[EXERCISE DESCRIPTION] Among the records below, one line contains "RUBIO MONOCOAT OIL & 2C DARK ROAST SET 1.3L"; copy that line and all that follow it, exactly as written.
*** Begin section ***
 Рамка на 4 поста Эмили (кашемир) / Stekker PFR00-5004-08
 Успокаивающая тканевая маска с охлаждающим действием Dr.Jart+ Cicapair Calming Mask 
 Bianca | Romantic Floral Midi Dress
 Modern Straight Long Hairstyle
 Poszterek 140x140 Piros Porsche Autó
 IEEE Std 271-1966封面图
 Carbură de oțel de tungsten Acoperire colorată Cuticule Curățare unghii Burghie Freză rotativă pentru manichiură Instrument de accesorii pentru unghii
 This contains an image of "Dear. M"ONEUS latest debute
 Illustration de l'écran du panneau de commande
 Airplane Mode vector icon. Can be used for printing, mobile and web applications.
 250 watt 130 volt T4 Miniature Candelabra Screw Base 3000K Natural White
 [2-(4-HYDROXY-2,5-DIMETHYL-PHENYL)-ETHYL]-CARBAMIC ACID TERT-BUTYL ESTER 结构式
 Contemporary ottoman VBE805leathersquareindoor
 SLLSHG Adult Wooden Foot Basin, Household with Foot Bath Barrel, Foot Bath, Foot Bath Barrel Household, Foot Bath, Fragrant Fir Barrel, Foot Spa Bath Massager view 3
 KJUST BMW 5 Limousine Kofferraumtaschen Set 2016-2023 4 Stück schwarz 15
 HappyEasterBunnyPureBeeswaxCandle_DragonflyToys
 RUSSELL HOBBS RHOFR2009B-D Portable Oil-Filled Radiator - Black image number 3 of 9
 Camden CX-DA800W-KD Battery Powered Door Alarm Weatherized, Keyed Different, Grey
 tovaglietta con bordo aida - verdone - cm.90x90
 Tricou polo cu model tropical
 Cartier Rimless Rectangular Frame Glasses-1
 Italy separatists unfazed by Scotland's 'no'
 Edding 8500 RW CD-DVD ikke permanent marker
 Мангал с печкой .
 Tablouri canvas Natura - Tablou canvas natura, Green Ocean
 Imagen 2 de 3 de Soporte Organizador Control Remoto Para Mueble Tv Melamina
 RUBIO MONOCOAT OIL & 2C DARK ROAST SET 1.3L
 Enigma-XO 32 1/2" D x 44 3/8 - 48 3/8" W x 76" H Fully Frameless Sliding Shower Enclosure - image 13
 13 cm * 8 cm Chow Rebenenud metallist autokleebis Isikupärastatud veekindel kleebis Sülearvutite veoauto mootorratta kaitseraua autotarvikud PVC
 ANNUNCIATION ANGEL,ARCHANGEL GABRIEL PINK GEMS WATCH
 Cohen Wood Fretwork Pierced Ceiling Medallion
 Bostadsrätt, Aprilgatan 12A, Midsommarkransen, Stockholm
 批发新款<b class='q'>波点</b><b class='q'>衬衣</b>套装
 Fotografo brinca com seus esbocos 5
*** End section ***
[ANSWER BOX]
 RUBIO MONOCOAT OIL & 2C DARK ROAST SET 1.3L
 Enigma-XO 32 1/2" D x 44 3/8 - 48 3/8" W x 76" H Fully Frameless Sliding Shower Enclosure - image 13
 13 cm * 8 cm Chow Rebenenud metallist autokleebis Isikupärastatud veekindel kleebis Sülearvutite veoauto mootorratta kaitseraua autotarvikud PVC
 ANNUNCIATION ANGEL,ARCHANGEL GABRIEL PINK GEMS WATCH
 Cohen Wood Fretwork Pierced Ceiling Medallion
 Bostadsrätt, Aprilgatan 12A, Midsommarkransen, Stockholm
 批发新款<b class='q'>波点</b><b class='q'>衬衣</b>套装
 Fotografo brinca com seus esbocos 5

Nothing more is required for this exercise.